▶ **EXERCISE INSTRUCTIONS**
Give the data again word for word; drop the pictures.

▶ **Short text fragments from websites**
[Start of section]

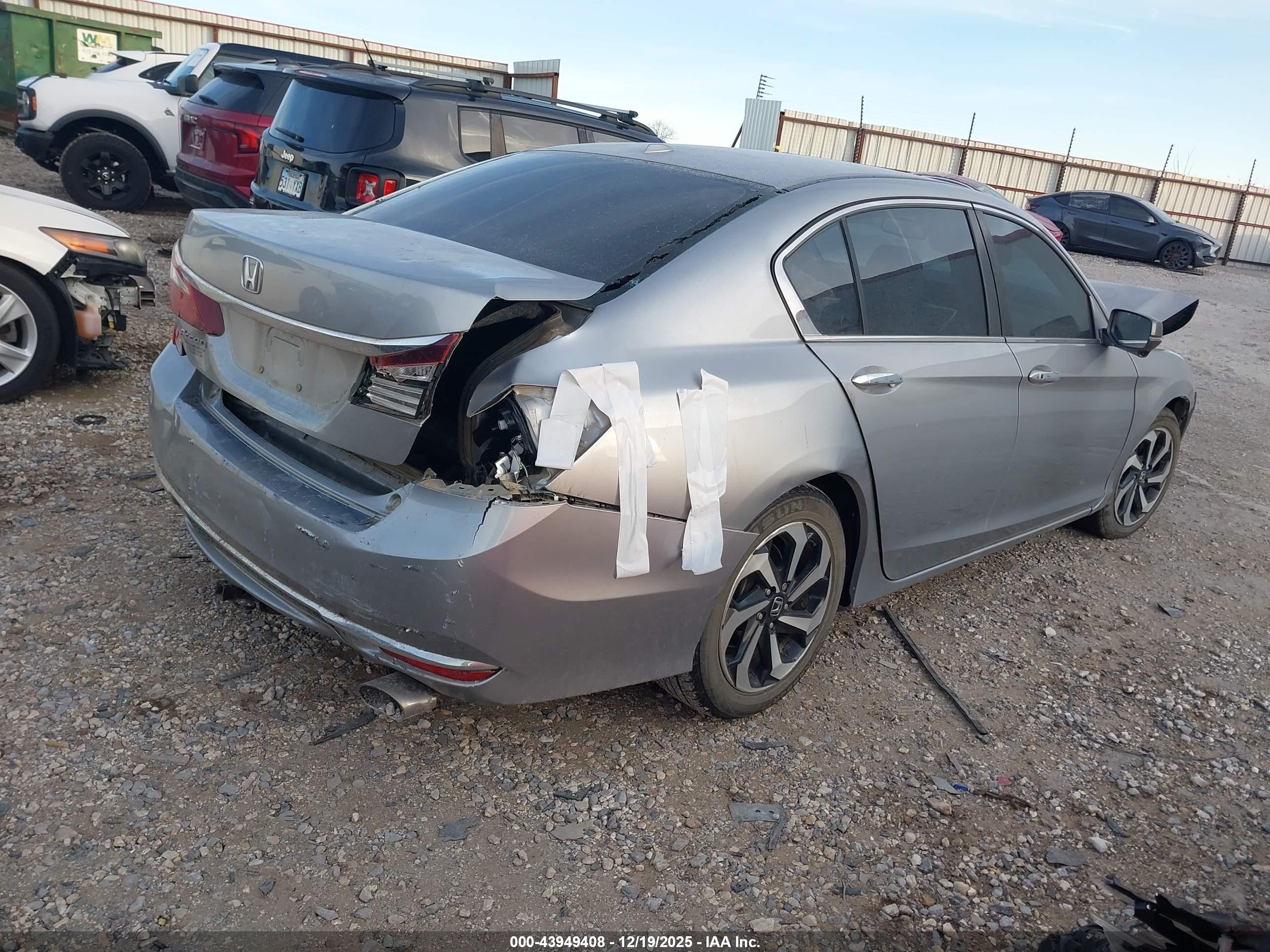 HONDA ACCORD image 4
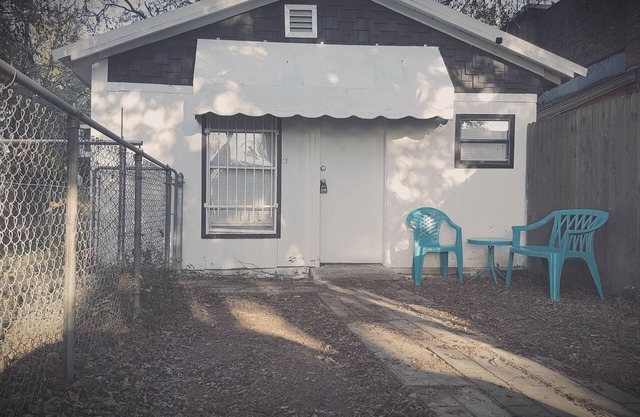 Sleeps 5 free internet and parking close to stockyards
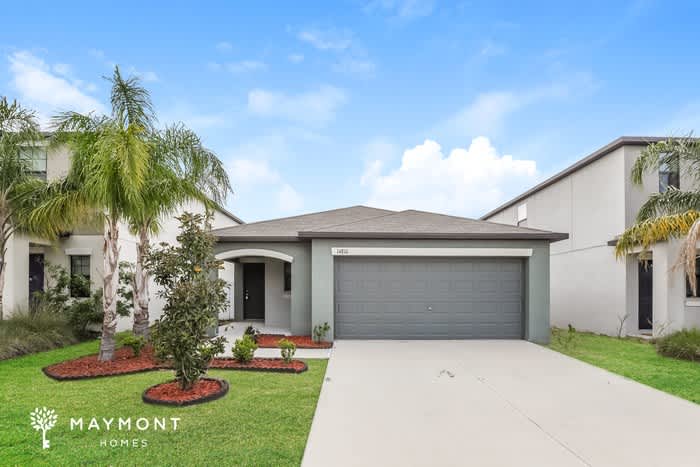 14810 Crescent Rock Drive – photo 1 of 11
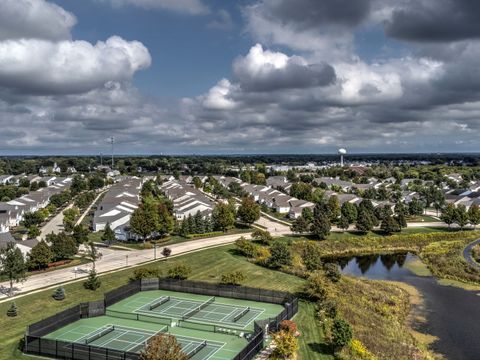 Tiny photo for 3263 Eastbank Circle, Mundelein, IL 60060 (MLS # 12480369)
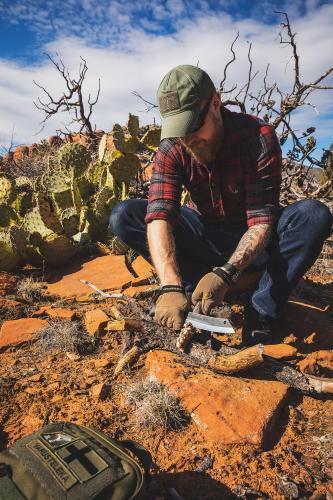 Terävä Skrama 200, Carbon Steel. Some knife action under the Arizona sun.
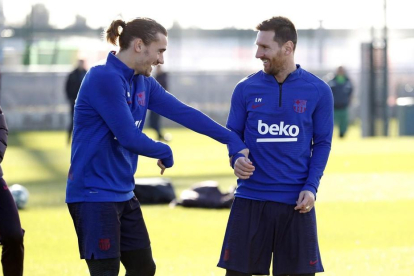 Griezmann y Leo Messi, ayer departiendo durante el entrenamiento matinal.
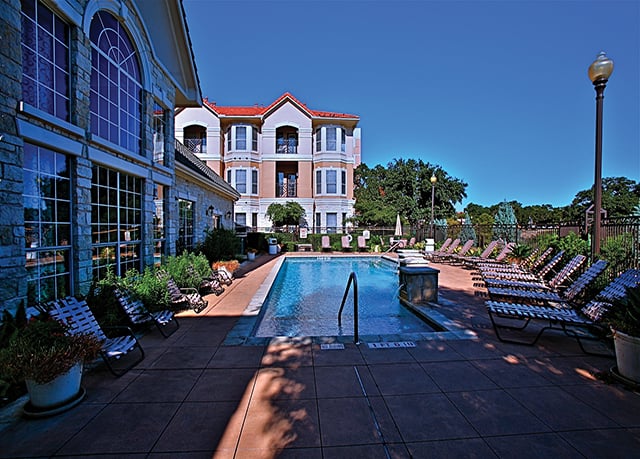 Austin Condo: 801 W. 38th St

[End of section]

▶ **ANSWER FOR THE TASK**
 HONDA ACCORD image 4
 Sleeps 5 free internet and parking close to stockyards
 14810 Crescent Rock Drive – photo 1 of 11
 Tiny photo for 3263 Eastbank Circle, Mundelein, IL 60060 (MLS # 12480369)
 Terävä Skrama 200, Carbon Steel. Some knife action under the Arizona sun.
 Griezmann y Leo Messi, ayer departiendo durante el entrenamiento matinal.
 Austin Condo: 801 W. 38th St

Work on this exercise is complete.